Cherries grow on small to medium-sized trees, producing fruits that hang in clusters. They are generally categorized into two main types: sweet cherries (Prunus avium) and tart or sour cherries (Prunus cerasus). The sweet varieties, like Bing or Rainier, are typically enjoyed fresh, while tart varieties, like Montmorency, are often used in cooking and baking. The Evans Cherry, a cultivar of sour cherry, is particularly notable for its ability to thrive in Alberta's colder climate. Its fruits are medium-sized, with bright red skin and a delightful tartness, making them excellent for a range of culinary applications.

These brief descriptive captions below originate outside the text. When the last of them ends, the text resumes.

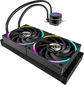 Система водяного охлаждения Formula Oasis L240 ARGB Soc-AM5 / AM4 / 1200 / 2066 / 1700 / 1851 черный 4-pin Al+Cu 310W Ret  (OASIS L240 ARGB BK)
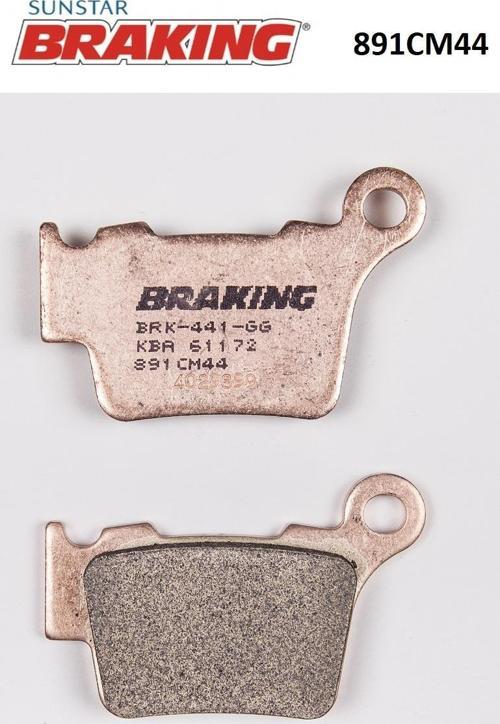 SİNTERLİ ARKA FREN BALATASI SHERCO SE FACTORY 300cc 2020-2023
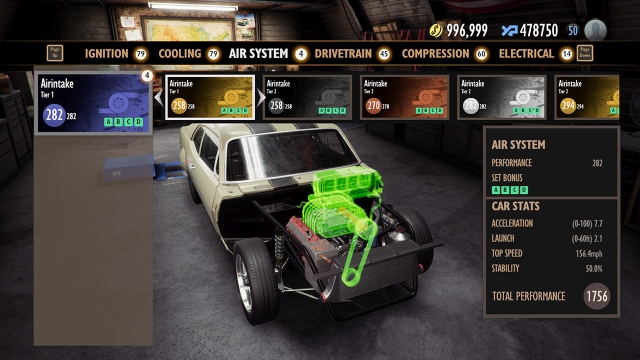 Street Outlaws: The List (Switch) image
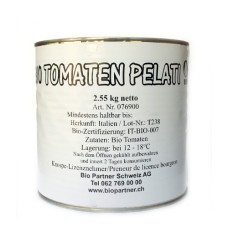 Tomates Pelati, Bio Partner, 2,55kg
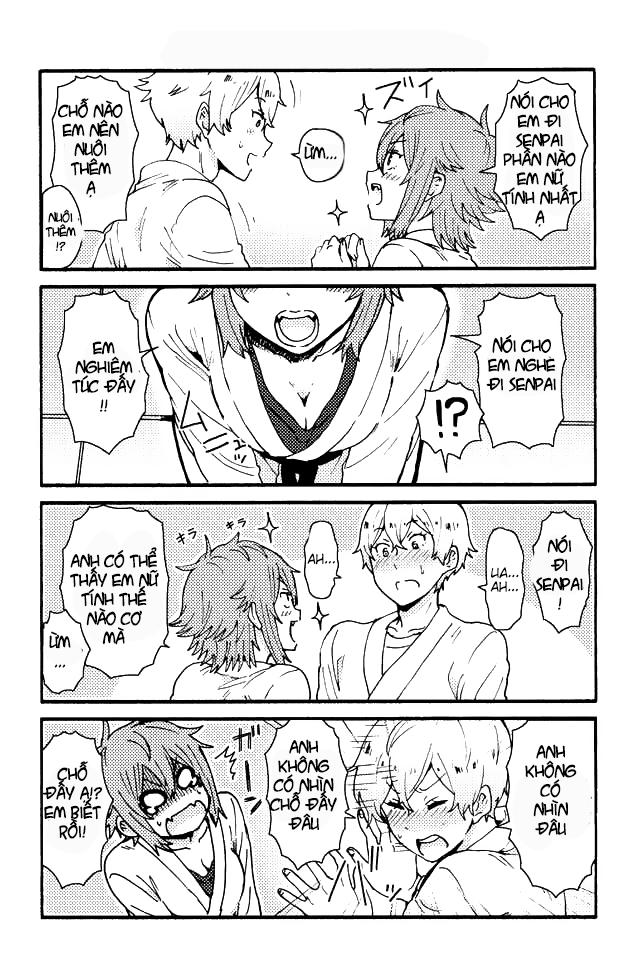 Tomo-Chan Wa Onnanoko! Chapter 5 - Trang 2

Cherries have ancient roots, with historical records suggesting they were consumed by prehistoric people in Europe and Asia. Their cultivation spread through ancient civilizations, becoming popular in Roman, Greek, and Chinese cultures. Fast forward to Alberta's context: the Evans Cherry's story is fascinating. Originally thought to be native to the region, it was later revealed that the variety was introduced, possibly by Russian settlers or through other means. This cherry gained popularity when plant breeder Ieuan Evans recognized its potential in the 1970s and began promoting it. Named after him, the Evans Cherry soon became a favourite among gardeners and farmers in Alberta, appreciated for its frost resistance and the delicious tart cherries it produces.

Ways To Cook

Cherries, including the Evans variety, are versatile in the kitchen. Fresh cherries can be washed and eaten straight from the tree, their juicy sweetness bursting with every bite. When it comes to tart cherries like Evan's, they shine in pies, tarts, and jams, their tanginess perfectly balancing the sweetness of added sugars. These cherries also make exceptional sauces and compotes, which can accompany both desserts and savoury dishes, such as roasted meats.

Cherry juices and concentrates, often derived from tart cherries, are touted for their health benefits and can be enjoyed as beverages or mixed into smoothies. Evan's Cherries can also be preserved by canning or freezing, ensuring a year-round supply. Drying cherries results in chewy, sweet-tart morsels that can be added to cereals, baked goods, or trail mixes.

With a balance of sweetness and tartness, cherries, especially those hardy varieties like the Albertan Evans cherry, bring a touch of summer delight to any dish or occasion.